Records contained in a dataset:
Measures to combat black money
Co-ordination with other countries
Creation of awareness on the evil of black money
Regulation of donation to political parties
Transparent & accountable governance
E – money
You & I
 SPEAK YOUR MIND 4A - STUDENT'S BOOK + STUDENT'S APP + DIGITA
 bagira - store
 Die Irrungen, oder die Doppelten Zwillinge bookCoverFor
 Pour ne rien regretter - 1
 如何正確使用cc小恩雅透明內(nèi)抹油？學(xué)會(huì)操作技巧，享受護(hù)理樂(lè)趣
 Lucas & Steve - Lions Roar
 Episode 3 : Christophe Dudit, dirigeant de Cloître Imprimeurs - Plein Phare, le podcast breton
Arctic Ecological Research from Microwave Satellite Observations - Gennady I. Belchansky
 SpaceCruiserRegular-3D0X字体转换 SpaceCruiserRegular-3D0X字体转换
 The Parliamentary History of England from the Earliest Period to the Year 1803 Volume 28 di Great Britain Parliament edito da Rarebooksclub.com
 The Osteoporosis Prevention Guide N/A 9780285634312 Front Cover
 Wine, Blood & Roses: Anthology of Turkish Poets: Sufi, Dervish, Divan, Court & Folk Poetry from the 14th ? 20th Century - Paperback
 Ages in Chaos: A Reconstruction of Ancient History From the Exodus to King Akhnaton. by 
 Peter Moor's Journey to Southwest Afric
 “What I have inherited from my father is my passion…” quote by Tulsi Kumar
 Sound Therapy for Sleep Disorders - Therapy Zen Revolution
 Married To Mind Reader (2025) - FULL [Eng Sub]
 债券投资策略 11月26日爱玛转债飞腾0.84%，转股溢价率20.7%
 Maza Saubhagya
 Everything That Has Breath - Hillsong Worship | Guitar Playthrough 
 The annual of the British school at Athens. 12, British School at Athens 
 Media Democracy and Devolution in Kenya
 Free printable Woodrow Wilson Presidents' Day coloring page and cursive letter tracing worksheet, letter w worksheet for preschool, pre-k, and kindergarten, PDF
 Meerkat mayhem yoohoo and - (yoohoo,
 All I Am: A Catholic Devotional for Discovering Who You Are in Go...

● Work task
The response should be every record above restated exactly.

● Response to this exercise
Measures to combat black money
Co-ordination with other countries
Creation of awareness on the evil of black money
Regulation of donation to political parties
Transparent & accountable governance
E – money
You & I
 SPEAK YOUR MIND 4A - STUDENT'S BOOK + STUDENT'S APP + DIGITA
 bagira - store
 Die Irrungen, oder die Doppelten Zwillinge bookCoverFor
 Pour ne rien regretter - 1
 如何正確使用cc小恩雅透明內(nèi)抹油？學(xué)會(huì)操作技巧，享受護(hù)理樂(lè)趣
 Lucas & Steve - Lions Roar
 Episode 3 : Christophe Dudit, dirigeant de Cloître Imprimeurs - Plein Phare, le podcast breton
Arctic Ecological Research from Microwave Satellite Observations - Gennady I. Belchansky
 SpaceCruiserRegular-3D0X字体转换 SpaceCruiserRegular-3D0X字体转换
 The Parliamentary History of England from the Earliest Period to the Year 1803 Volume 28 di Great Britain Parliament edito da Rarebooksclub.com
 The Osteoporosis Prevention Guide N/A 9780285634312 Front Cover
 Wine, Blood & Roses: Anthology of Turkish Poets: Sufi, Dervish, Divan, Court & Folk Poetry from the 14th ? 20th Century - Paperback
 Ages in Chaos: A Reconstruction of Ancient History From the Exodus to King Akhnaton. by 
 Peter Moor's Journey to Southwest Afric
 “What I have inherited from my father is my passion…” quote by Tulsi Kumar
 Sound Therapy for Sleep Disorders - Therapy Zen Revolution
 Married To Mind Reader (2025) - FULL [Eng Sub]
 债券投资策略 11月26日爱玛转债飞腾0.84%，转股溢价率20.7%
 Maza Saubhagya
 Everything That Has Breath - Hillsong Worship | Guitar Playthrough 
 The annual of the British school at Athens. 12, British School at Athens 
 Media Democracy and Devolution in Kenya
 Free printable Woodrow Wilson Presidents' Day coloring page and cursive letter tracing worksheet, letter w worksheet for preschool, pre-k, and kindergarten, PDF
 Meerkat mayhem yoohoo and - (yoohoo,
 All I Am: A Catholic Devotional for Discovering Who You Are in Go...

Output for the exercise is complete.